IF 8.4 2区 医学 Q1 ALLERGY Pub Date : 2022-12-01 Epub Date: 2022-03-18 DOI: 10.1007/s12016-022-08926-0
Elena De Zorzi, Paolo Spagnolo, Elisabetta Cocconcelli, Elisabetta Balestro, Luca Iaccarino, Mariele Gatto, Francesco Benvenuti, Nicol Bernardinello, Andrea Doria, Toby M Maher, Elisabetta Zanatta

Thoracic involvement is one of the main determinants of morbidity and mortality in patients with autoimmune rheumatic diseases (ARDs), with different prevalence and manifestations according to the underlying disease. Interstitial lung disease (ILD) is the most common pulmonary complication, particularly in patients with systemic sclerosis (SSc), idiopathic inflammatory myopathies (IIMs) and rheumatoid arthritis (RA). Other thoracic manifestations include pulmonary arterial hypertension (PAH), mostly in patients with SSc, airway disease, mainly in RA, and pleural involvement, which is common in systemic lupus erythematosus and RA, but rare in other ARDs.In this review, we summarize and critically discuss the current knowledge on thoracic involvement in ARDs, with emphasis on disease pathogenesis and management. Immunosuppression is the mainstay of therapy, particularly for ARDs-ILD, but it should be reserved to patients with clinically significant disease or at risk of progressive disease. Therefore, a thorough, multidisciplinary assessment to determine disease activity and degree of impairment is required to optimize patient management. Nevertheless, the management of thoracic involvement-particularly ILD-is challenging due to the heterogeneity of disease pathogenesis, the variety of patterns of interstitial pneumonia and the paucity of randomized controlled clinical trials of pharmacological intervention. Further studies are needed to better understand the pathogenesis of these conditions, which in turn is instrumental to the development of more efficacious therapies.

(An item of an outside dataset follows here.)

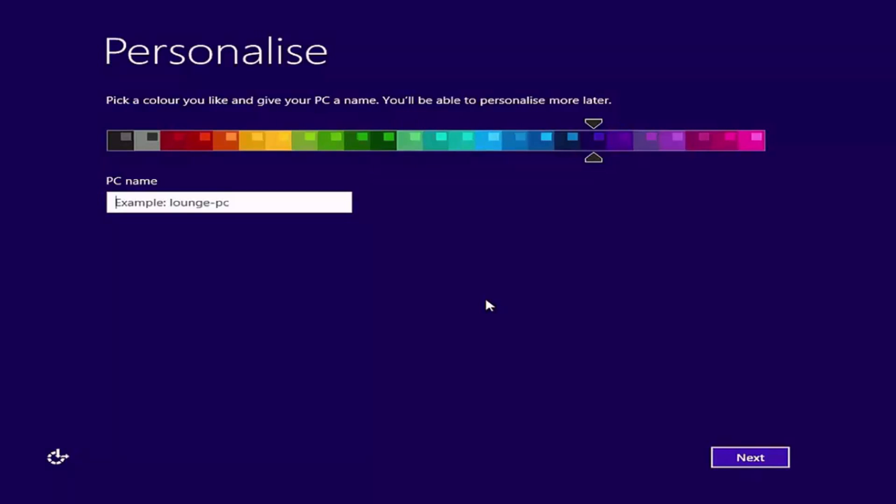As you can see, the installation has only just completed and I am being presented with the personalized screen. From here, I am asked to choose a color scheme and a name for this computer. This is part of the out-of-the-box experience that I mentioned earlier and are the first of the initial Windows Welcome questions.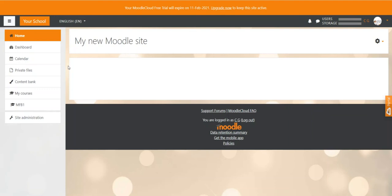Welcome everybody, it's nice to have you all back. In this video I will show you how to customize the home page of your Moodle site.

胸部受累是自身免疫性风湿病(ARDs)患者发病率和死亡率的主要决定因素之一,不同的疾病有不同的发病率和表现。间质性肺病(ILD)是最常见的肺部并发症,尤其是在系统性硬化症(SSc)、特发性炎症性肌病(IIMs)和类风湿性关节炎(RA)患者中。其他胸部表现包括肺动脉高压(PAH),主要见于系统性硬化症(SSc)患者;气道疾病,主要见于类风湿性关节炎;胸膜受累,常见于系统性红斑狼疮和类风湿性关节炎,但罕见于其他 ARD。免疫抑制是治疗的主要手段,尤其是针对 ARDs-ILD 的治疗,但应仅限于临床症状明显或有疾病进展风险的患者。因此,需要进行全面的多学科评估,以确定疾病活动性和受损程度,从而优化患者管理。然而,由于疾病发病机制的异质性、间质性肺炎模式的多样性以及药物干预随机对照临床试验的匮乏,胸部受累(尤其是 ILD)的治疗具有挑战性。为了更好地了解这些疾病的发病机制,我们需要开展进一步的研究,这反过来又有助于开发更有效的疗法。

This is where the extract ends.